GOSLAR. Ein vierköpfiges Forschungsteam der Montan-Universität Leoben in der Steiermark erhält in der kommenden Woche den mit 50.000 Euro dotierten 2. Kaiserpfalzpreis der Metallurgie. Ausgezeichnet werden damit Untersuchungen zu einem Zero-Waste-Verfahren beim effizienten Recycling von Reststoffen der metallerzeugenden Industrie.

Die 2. Goslarer Tage der Metallurgie gehen in der Zeit vom 3. bis 5. März als Treffen der Nichteisen-Metallindustrie (NE) über die Bühne. Veranstalter ist die Gesellschaft für Bergbau, Metallurgie, Rohstoff- und Umwelttechnik (GDMB) mit Sitz in Clausthal-Zellerfeld.

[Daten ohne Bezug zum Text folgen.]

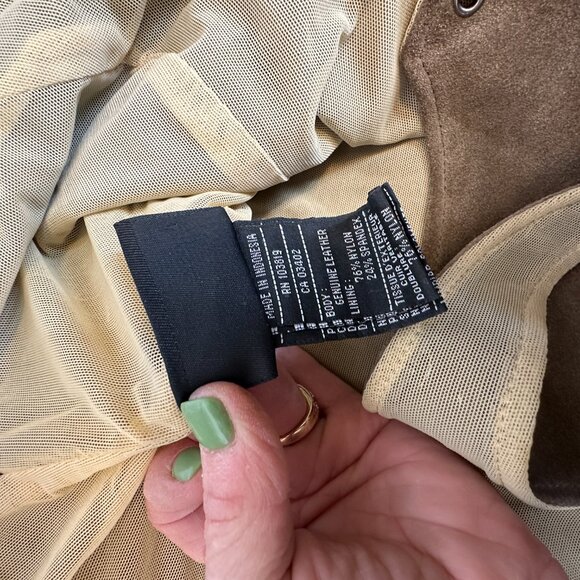 VTG HARLEY DAVIDSON SUEDE LEATHER RIDING CORSET VEST TOP SIZE 42/14 - Picture 10 of 11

Beginn ist am kommenden Mittwoch mit der Eröffnung der Ausstellung „Metall-Impression“ auf dem Marktplatz. Ein zweitägiger Kongress mit Fachvorträgen wird am Donnerstag im Tagungszentrum „Der Achtermann“ vom Initiator der Metallurgie-Tage, Recylex-Geschäftsführer Dr. Reimund Westphal, eröffnet.

Die Moderation und Präsentation namhafter Referenten wie Prof. Ernst Ulrich von Weizsäcker (Emmendingen) oder Ulrich Grillo (Duisburg) übernimmt der Vorstandsvorsitzende des Energieforschungszentrums Niedersachsen (EFZN), Prof. Hans-Peter Beck.

Höhepunkt des Tages ist die Verleihung des 2. Kaiserpfalz-Preises am Abend an das Forscher-Quartett aus Österreich durch den GDMB-Präsidenten Prof. Hans Jacobi.